[Web page caption snippets]
____

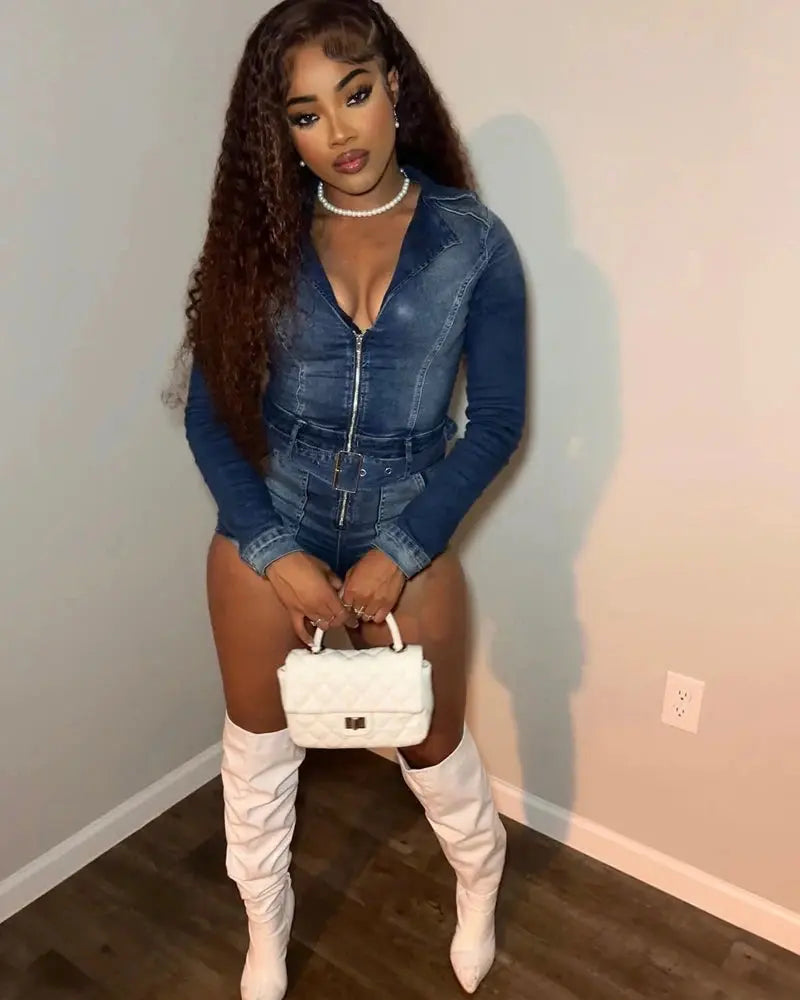 2025 Fashion Women Clothes V-Neck Long Sleeve Belt Denim Short Jumpsuit Summer Y2k Streetwear Casual Party Jean Romper Playsuit - Lady T Fashions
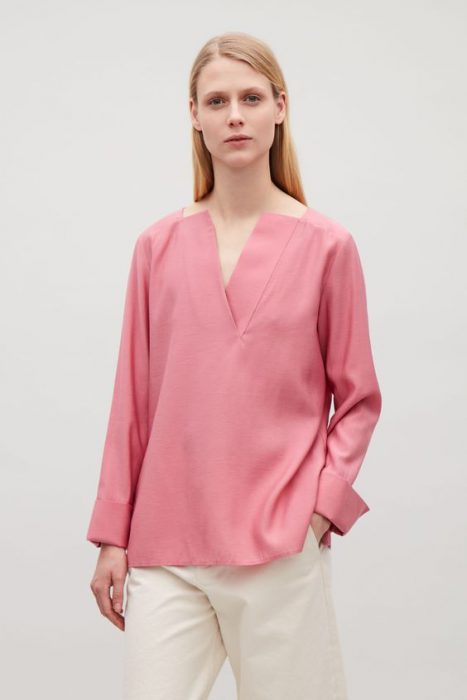 oversized pink blouse with dress pants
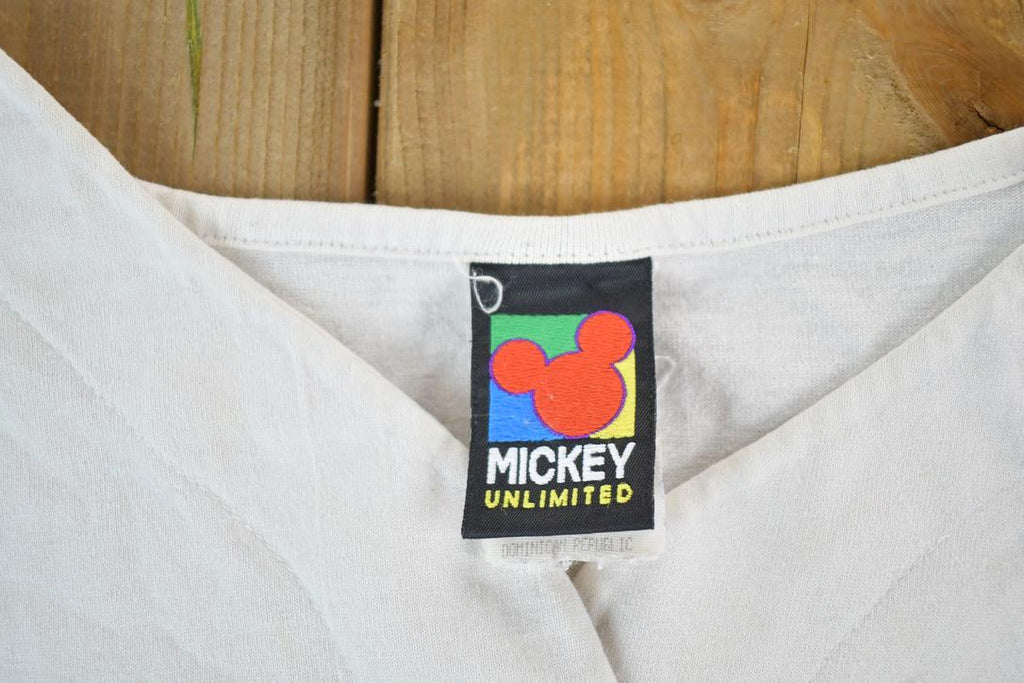 Vintage 1990s Team Mickey Disney Cartoon Baseball Promo Button Up T-Shirt Made In USA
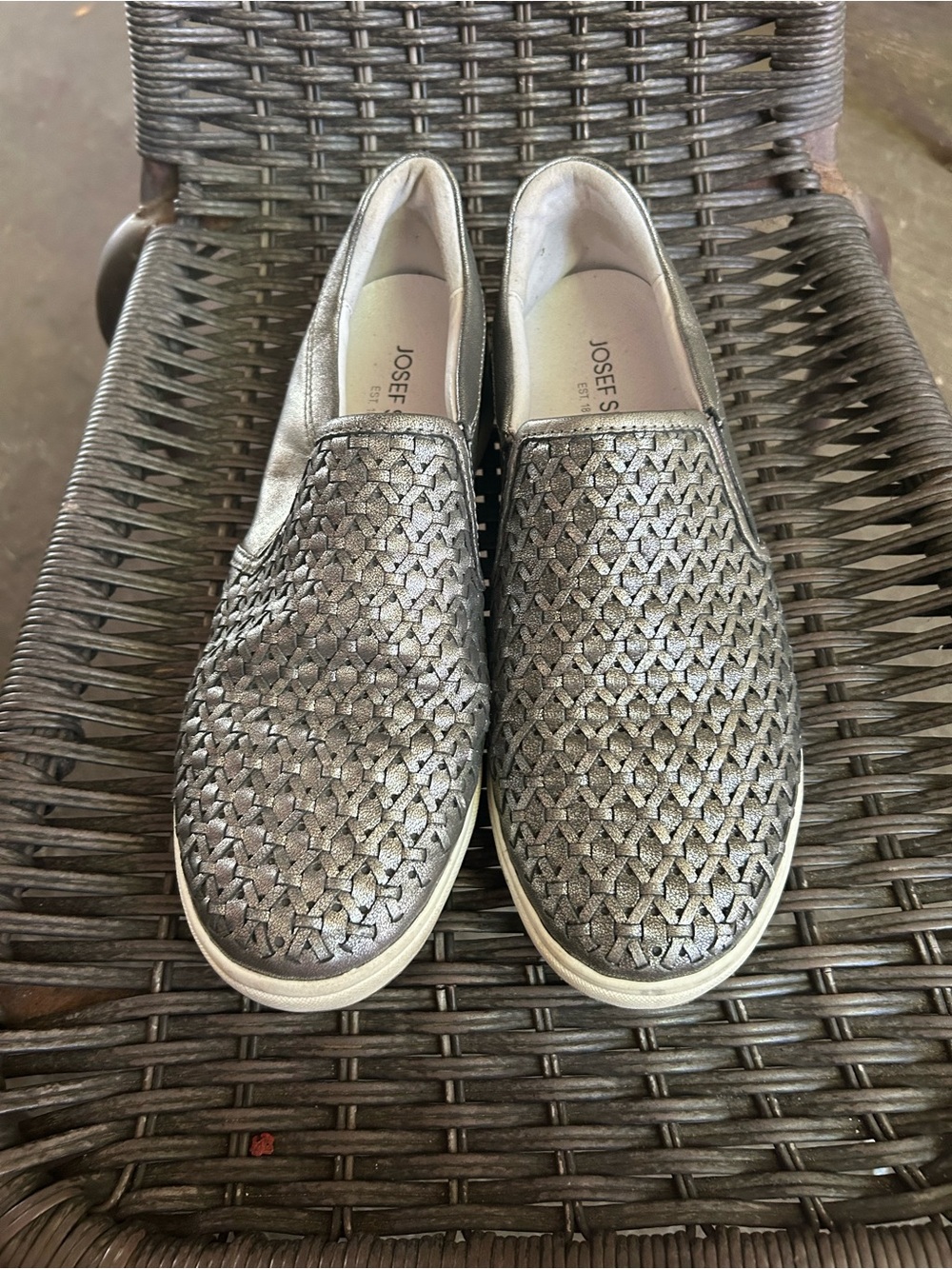 Josef Seibel Metallic Silver Woven Slip-On Loafers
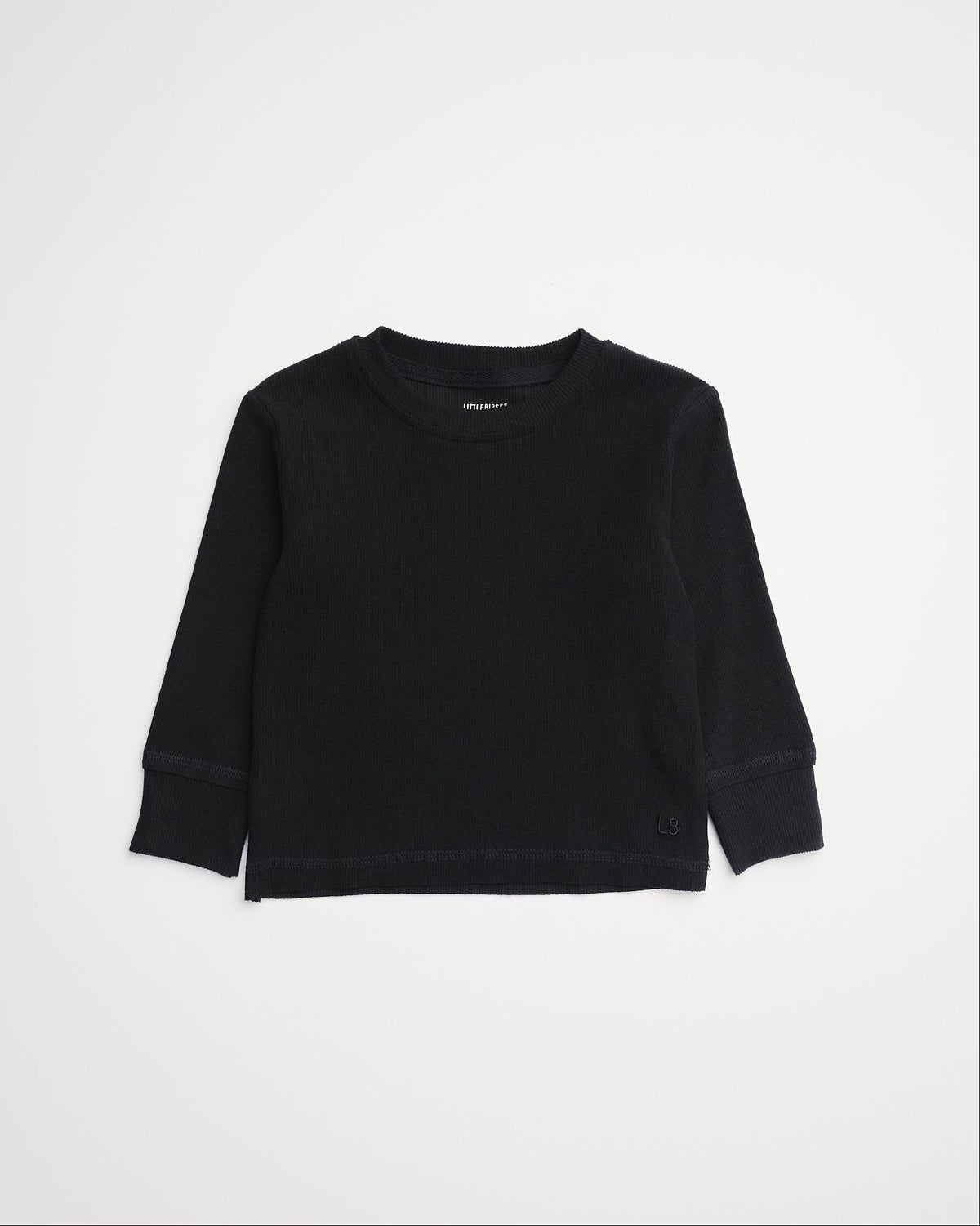Long Sleeve Ribbed Tee - Black - Little Bipsy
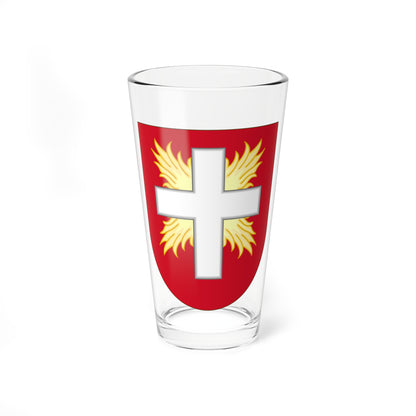 Red heraldic shield with a white Latin cross over a burst of pale gold rays radiating outward.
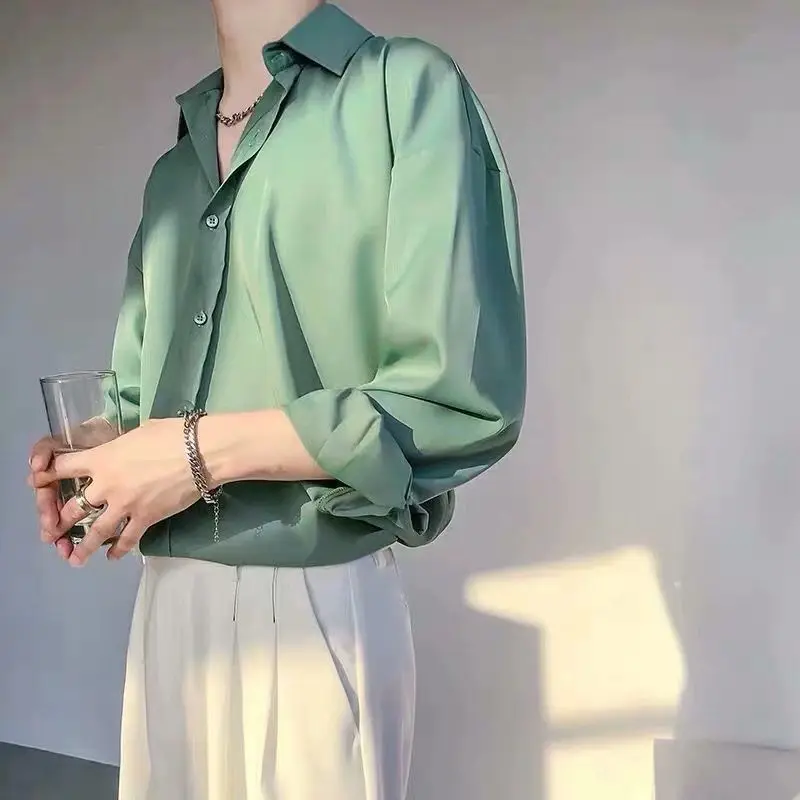 

Tops 2023 Fashion Solid All-match Button Casual Shirts Loose Long Lapel Color New Sleeve Korean Men's Shirt Spring Clothing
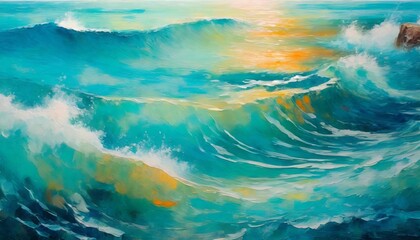Fototapeta na wymiar plunge into abstract ocean art painting with undulating aquatic hues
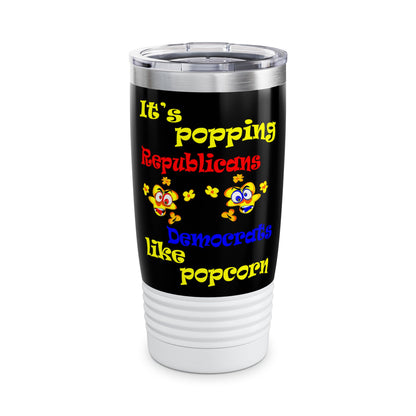 popping like popcorn - Ringneck Tumbler, 20oz (black)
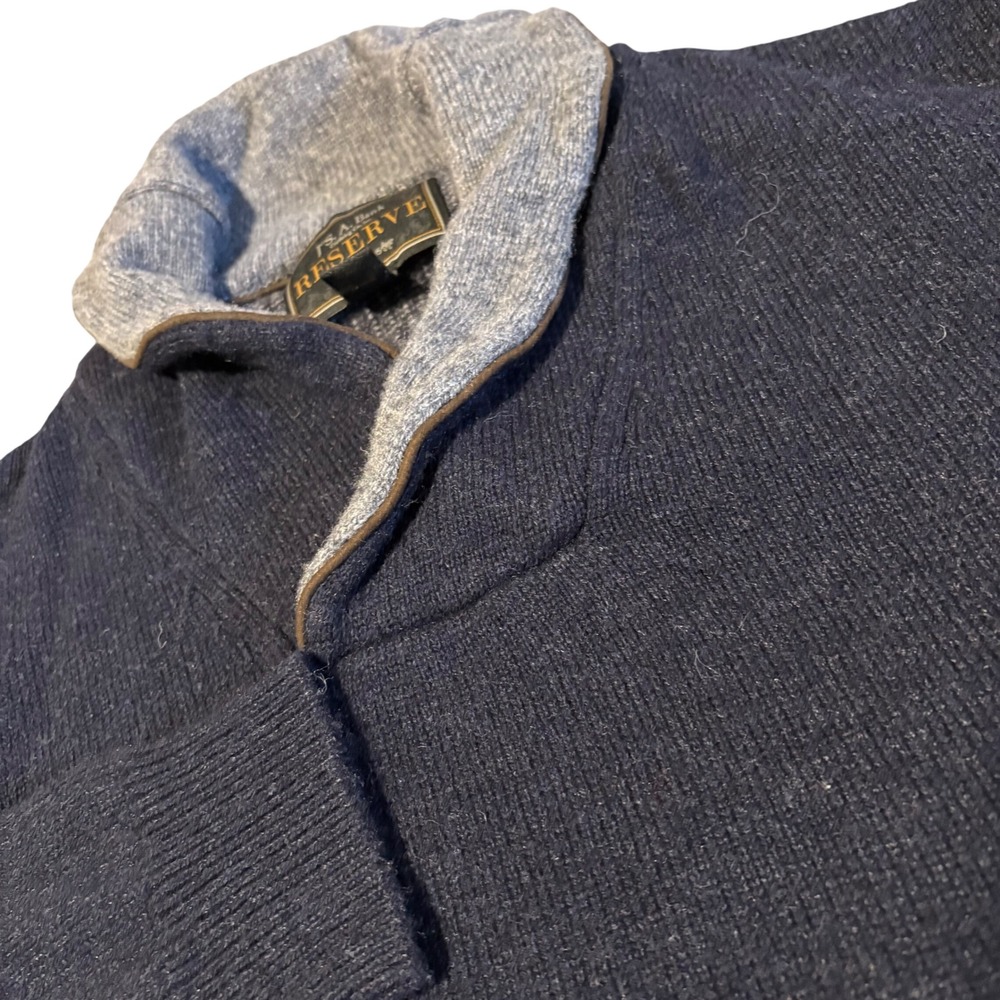 Jos. A. Bank Sweater Mens Fits L Navy Lambswool Blend Shawl Collar Pullover Knit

____

**To do:**
Apart from the pictures, write every entry out again exactly.

**Written response:**
 2025 Fashion Women Clothes V-Neck Long Sleeve Belt Denim Short Jumpsuit Summer Y2k Streetwear Casual Party Jean Romper Playsuit - Lady T Fashions
 oversized pink blouse with dress pants
 Vintage 1990s Team Mickey Disney Cartoon Baseball Promo Button Up T-Shirt Made In USA
 Josef Seibel Metallic Silver Woven Slip-On Loafers
Long Sleeve Ribbed Tee - Black - Little Bipsy
 Red heraldic shield with a white Latin cross over a burst of pale gold rays radiating outward.

Tops 2023 Fashion Solid All-match Button Casual Shirts Loose Long Lapel Color New Sleeve Korean Men's Shirt Spring Clothing
Fototapeta na wymiar plunge into abstract ocean art painting with undulating aquatic hues
 popping like popcorn - Ringneck Tumbler, 20oz (black)
 Jos. A. Bank Sweater Mens Fits L Navy Lambswool Blend Shawl Collar Pullover Knit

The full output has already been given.